A parceria tinha por objeto usar imagens de satélite na composição de um atlas dos remanescentes florestais, como se começava a aplicar na época para a Amazônia. Assim se revelou que apenas 7% da mata atlântica sobreviveram. A única floresta que a maioria dos brasileiros conheceu e conhece está desaparecendo.
Hoje o Inpe conduz o mais avançado programa do mundo de monitoração de florestas tropicais por sensoriamento remoto. Há mais de duas décadas apura e publica os dados anuais oficiais de desmatamento da Amazônia (sistema Prodes). Desde 2004 o Prodes é coadjuvado por um acompanhamento mais ágil (Deter), quinzena a quinzena, para apoio da fiscalização do Ibama.
Também foi liderado pelo Inpe, com inspiração "ambientalista" ("ecológica" seria o termo cientificamente correto), o engajamento brasileiro no Experimento de Grande Escala Atmosfera-Biosfera da Amazônia. Mais conhecido como LBA, o projeto internacional foi o maior programa científico do Brasil durante anos e produziu conhecimento básico fundamental para começar a entender o papel da floresta amazônica no clima regional e mundial.
Informações de qualidade não eram produzidas só por militantes e investigadores do ambiente. Em paralelo, o Programa Povos Indígenas no Brasil, do Cedi (Centro Ecumênico de Documentação e Informação), recolhia e mapeava dados para um catálogo cartográfico das etnias e terras indígenas do Brasil. Sempre foi uma fonte melhor, ao menos para jornalistas, que a chapa-branca Funai.
SOS e Cedi são as principais organizações que deram origem ao ISA (Instituto Socioambiental), que até hoje publica, a cada cinco anos, o indispensável volume "Povos Indígenas no Brasil". Toda a cartografia agora é digital, o que habilita o ISA a fazer estudos detalhados inéditos, por exemplo sobre superposição de terras indígenas e unidades de conservação.

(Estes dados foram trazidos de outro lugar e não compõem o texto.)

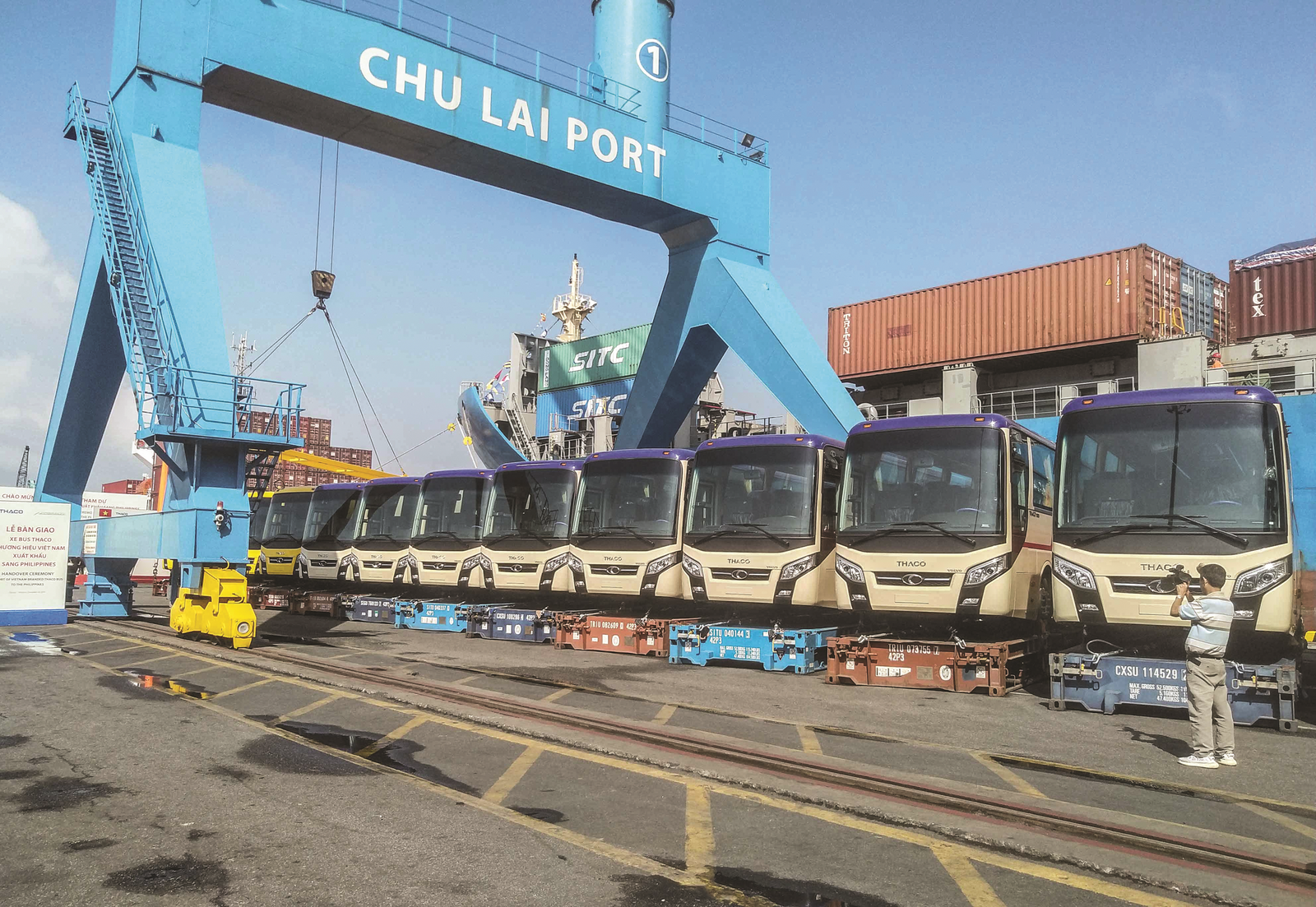 Xuất khẩu ô tô “made in Vietnam”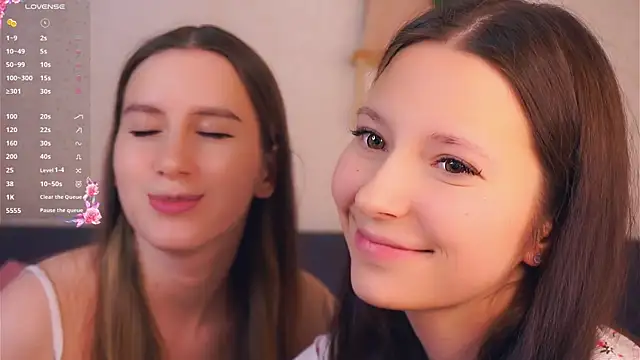 GabrielleLynchard online show from November 18, 8:46 pm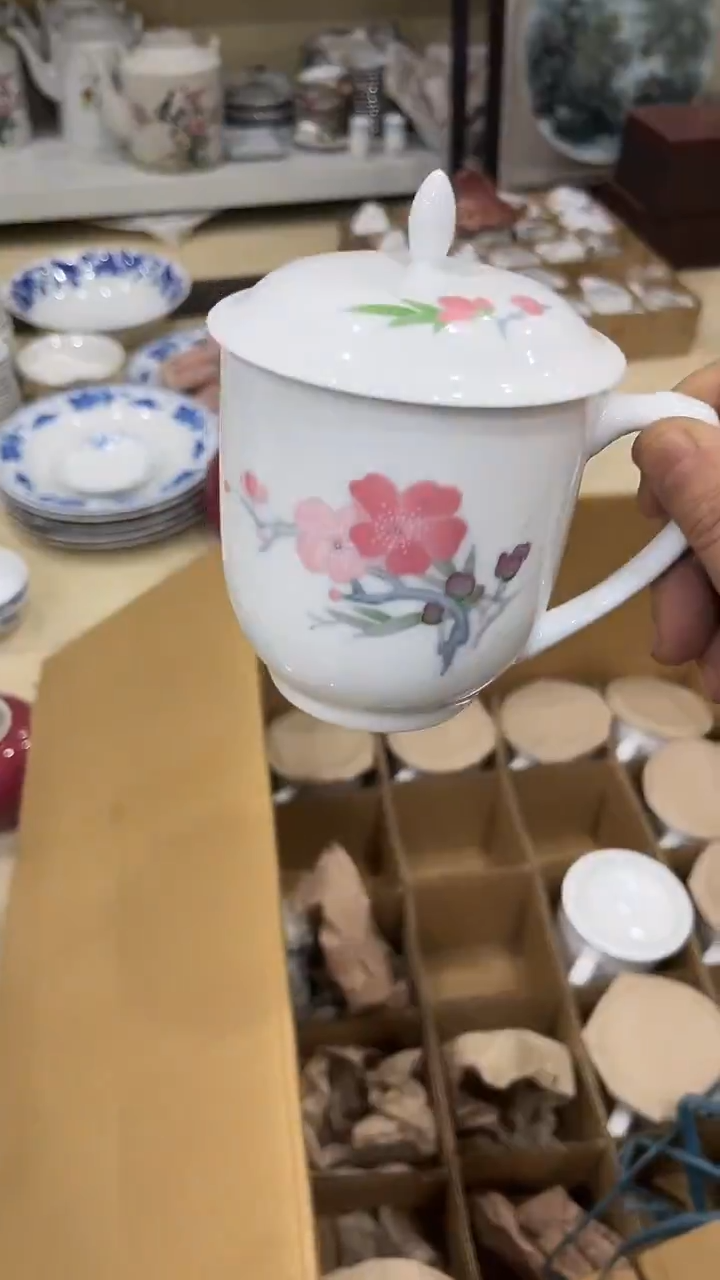 微瑕湖南醴陵釉下五彩陶瓷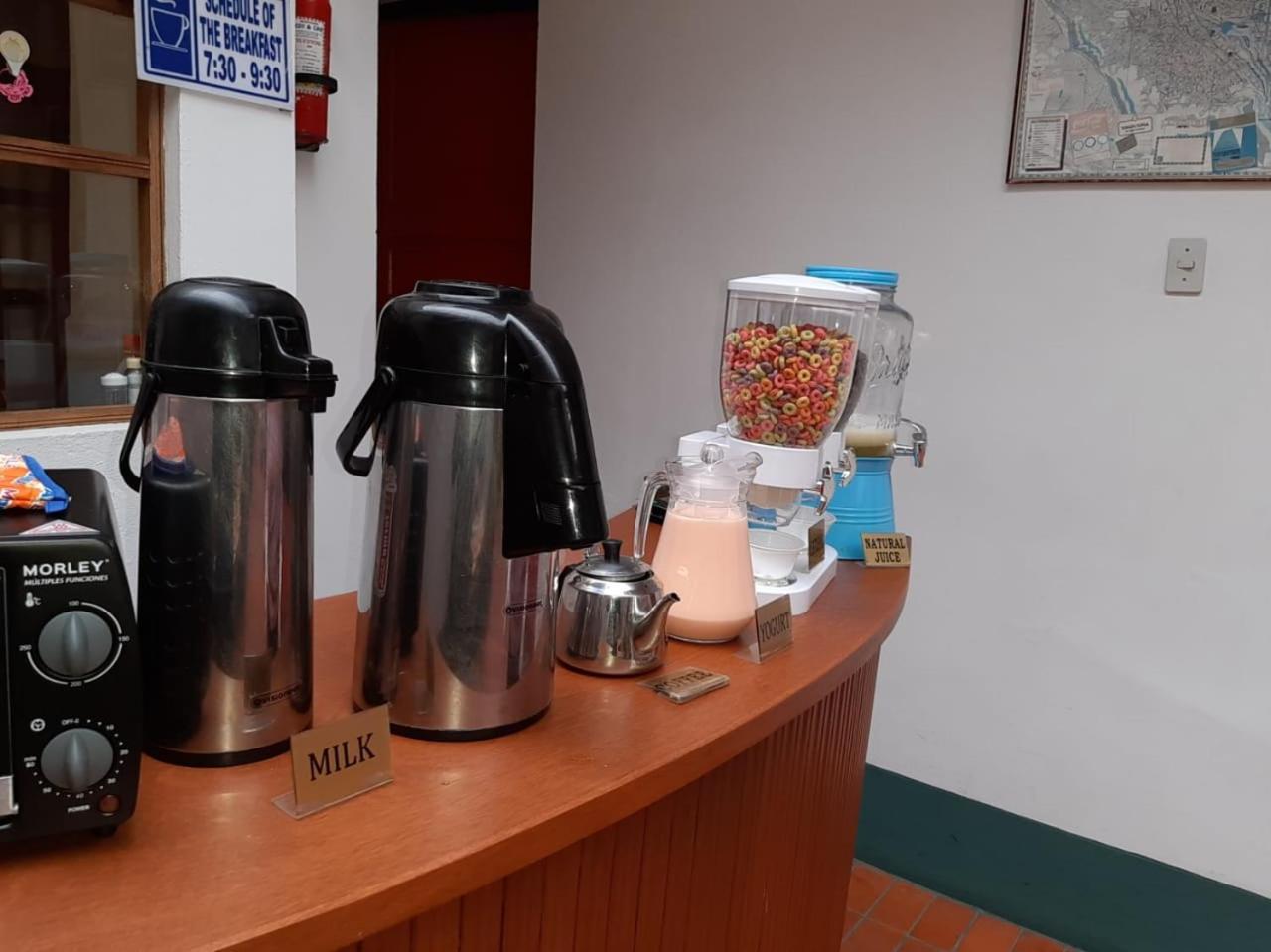 Momema Inn لاباز المظهر الخارجي الصورة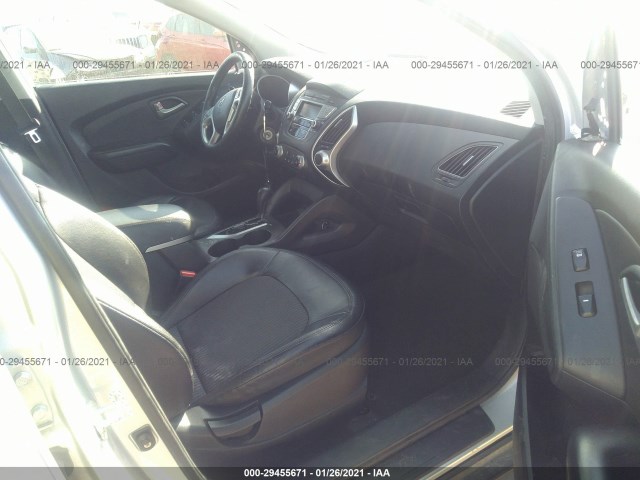 Photo 4 VIN: KM8JU3AC0CU423270 - HYUNDAI TUCSON 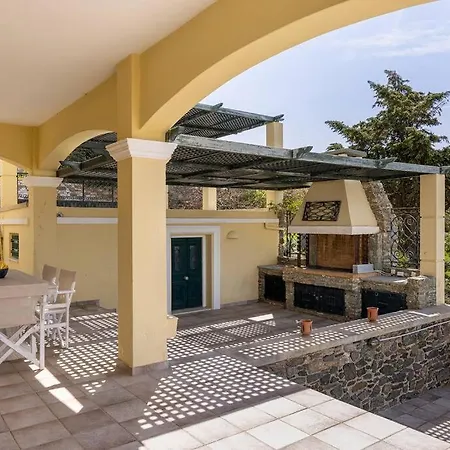 Villa Syros Gem, Luxury Mansion Sunset & Sea Views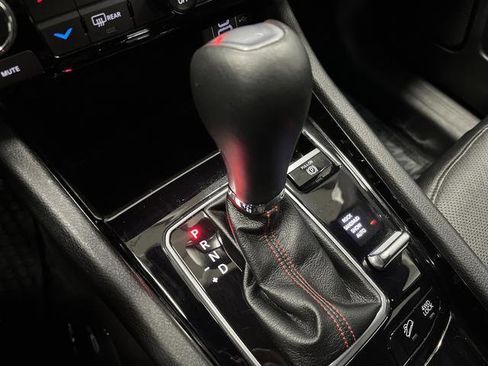 Used 2025 Jeep Compass Trailhawk w/ Trailhawk Elite Group image 21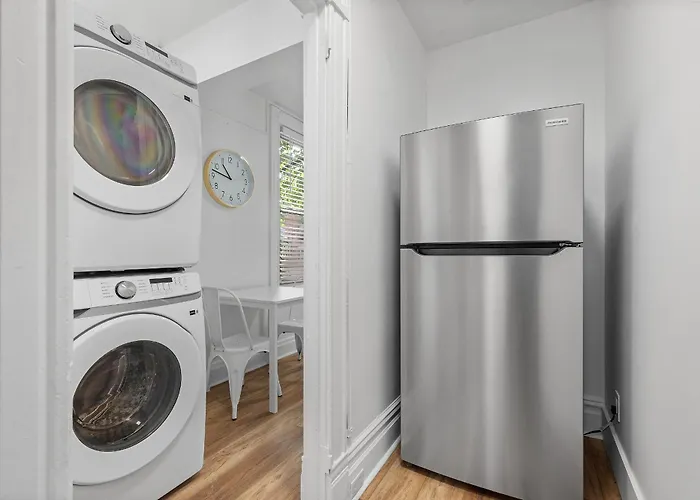 Privatunterkunft Shadyside 2e Bright Modern Private Bedroom With Shared Bathroom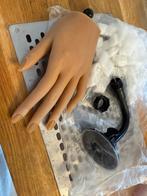 Te koop siliconen presentatie/oefen hand urban nails, Ophalen of Verzenden, Zo goed als nieuw, Overige kleuren, Handen en Nagels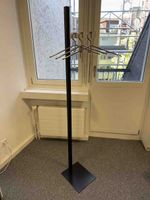 Garderobe Standgarderobe schwarz neuwertig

Há exatos dez anos, o ISA atuou como coordenador de um histórico seminário em Macapá para identificar áreas prioritárias para conservação na Amazônia brasileira. Foi um esforço sem precedentes, patrocinado pelo Ministério do Meio Ambiente, para reunir o melhor conhecimento científico disponível sobre espécies e sua localização na região.
Com maior ou menor sucesso e meticulosidade, a experiência se repetiu para os outros cinco grandes biomas nacionais (Caatinga, Cerrado, Mata Atlântica, Pampa e Pantanal). Uma década depois, esses trabalhos ainda orientam a criação de unidades de conservação no Brasil. Dos seminários participou uma penca de organizações que ainda dariam o que falar.
No caso da Amazônia, sempre o bioma mais controverso, impuseram-se no debate público ONGs como o Ipam (Instituto de Pesquisa Ambiental da Amazônia) e o Imazon (Instituto do Homem e Meio Ambiente da Amazônia). Ambas com sede em Belém, estão na vanguarda desse tipo inovador de ONG, dedicada a cavar, sistematizar e divulgar dados socioambientais que nem o governo detém.
Não faz muito tempo, quem precisasse de informações sobre a situação em torno da rodovia BR-163 (Cuiabá-Santarém) faria melhor em procurar o Ipam. Se necessitado de dados sobre localização e produção de polos madeireiros na Amazônia, ou sobre a agropecuária da região, o canal era o Imazon.
Em 2000, Ipam e ISA lideraram a confecção de um relatório de grande repercussão sobre o impacto do plano Avança Brasil, do governo FHC. Previa que 180 mil km2 de floresta amazônica pereceriam como consequência, em três décadas, no altar do desenvolvimentismo ambientalmente imprevidente. Foi manchete da Folha em 13 de março daquele ano.
Pelos dados do Prodes, 167 mil km2 da Amazônia perderam a floresta de lá para cá. Passaram-se só 9 anos dos 30 projetados (6 deles sob Lula).
Diante disso se poderia afirmar, com objetividade e fundamento técnico, que alarmismo pouco é bobagem. Em especial diante de um governo que deita tanto carvão, gás natural e petróleo na fogueira eleitoral para requentar o Avança Brasil com o molho salgado do PAC.